LangWatch can capture traces generated by the azure-ai-inference SDK by leveraging its built-in OpenTelemetry support. This guide will show you how to set it up.

Prerequisites

  1. Install LangWatch SDK:

    pip install langwatch
    
  2. Install Azure AI Inference SDK with OpenTelemetry support: The azure-ai-inference SDK can be installed with OpenTelemetry capabilities. You might also need the core Azure OpenTelemetry tracing package.

    pip install azure-ai-inference[opentelemetry] azure-core-tracing-opentelemetry
    

    Refer to the Azure SDK documentation for the most up-to-date installation instructions.

Instrumentation with AIInferenceInstrumentor

The azure-ai-inference SDK provides an AIInferenceInstrumentor that automatically captures traces for its operations when enabled. LangWatch, when set up, will include an OpenTelemetry exporter that can collect these traces.

Here’s how to instrument your application:

import langwatch
from azure.ai.inference import ChatCompletionsClient
from azure.ai.inference.tracing import AIInferenceInstrumentor
from azure.core.credentials import AzureKeyCredential
import os
import asyncio

# 1. Initialize LangWatch
langwatch.setup(
    instrumentors=[AIInferenceInstrumentor()]
)

# 2. Configure your Azure AI Inference client
azure_openai_endpoint = os.getenv("AZURE_OPENAI_ENDPOINT")
azure_openai_api_key = os.getenv("AZURE_OPENAI_API_KEY")
azure_openai_api_version = "2024-06-01"

chat_client = ChatCompletionsClient(
    endpoint=azure_openai_endpoint,
    credential=AzureKeyCredential(azure_openai_api_key),
    api_version=azure_openai_api_version
)

@langwatch.trace(name="Azure AI Inference Chat")
async def get_ai_response(prompt: str):
    # This call will now be automatically traced by the AIInferenceInstrumentor and
    # captured by LangWatch as a span within the "Azure AI Inference Chat" trace.
    response = await chat_client.complete(
        messages=[{"role": "user", "content": prompt}]
    )
    return response.choices[0].message.content

async def main():
    user_prompt = "What is the Azure AI Inference SDK?"

    try:
        ai_reply = await get_ai_response(user_prompt)
        print(f"User: {user_prompt}")
        print(f"AI: {ai_reply}")
    except Exception as e:
        print(f"An error occurred: {e}")


if __name__ == "__main__":
    asyncio.run(main())

The example uses the synchronous ChatCompletionsClient for simplicity in demonstrating instrumentation.

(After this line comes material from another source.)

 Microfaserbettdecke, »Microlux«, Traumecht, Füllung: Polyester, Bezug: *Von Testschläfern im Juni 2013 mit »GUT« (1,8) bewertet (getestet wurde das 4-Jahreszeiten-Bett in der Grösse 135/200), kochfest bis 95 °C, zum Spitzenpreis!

The azure-ai-inference SDK also provides asynchronous clients under the azure.ai.inference.aio namespace (e.g., azure.ai.inference.aio.ChatCompletionsClient). If you are using async/await in your application, you should use these asynchronous clients. The AIInferenceInstrumentor will work with both synchronous and asynchronous clients.

How it Works

  1. langwatch.setup(): Initializes the LangWatch SDK, which includes setting up an OpenTelemetry trace exporter. This exporter is ready to receive spans from any OpenTelemetry-instrumented library in your application.
  2. AIInferenceInstrumentor().instrument(): This command, provided by the azure-ai-inference SDK, patches the relevant Azure AI clients (like ChatCompletionsClient or EmbeddingsClient) to automatically create OpenTelemetry spans for their operations (e.g., a complete or embed call).
  3. @langwatch.trace(): By decorating your own functions (like get_ai_response in the example), you create a parent trace in LangWatch. The spans automatically generated by the AIInferenceInstrumentor for calls made within this decorated function will then be nested under this parent trace. This provides a full end-to-end view of your operation.

With this setup, calls made using the azure-ai-inference clients will be automatically traced and sent to LangWatch, providing visibility into the performance and behavior of your AI model interactions.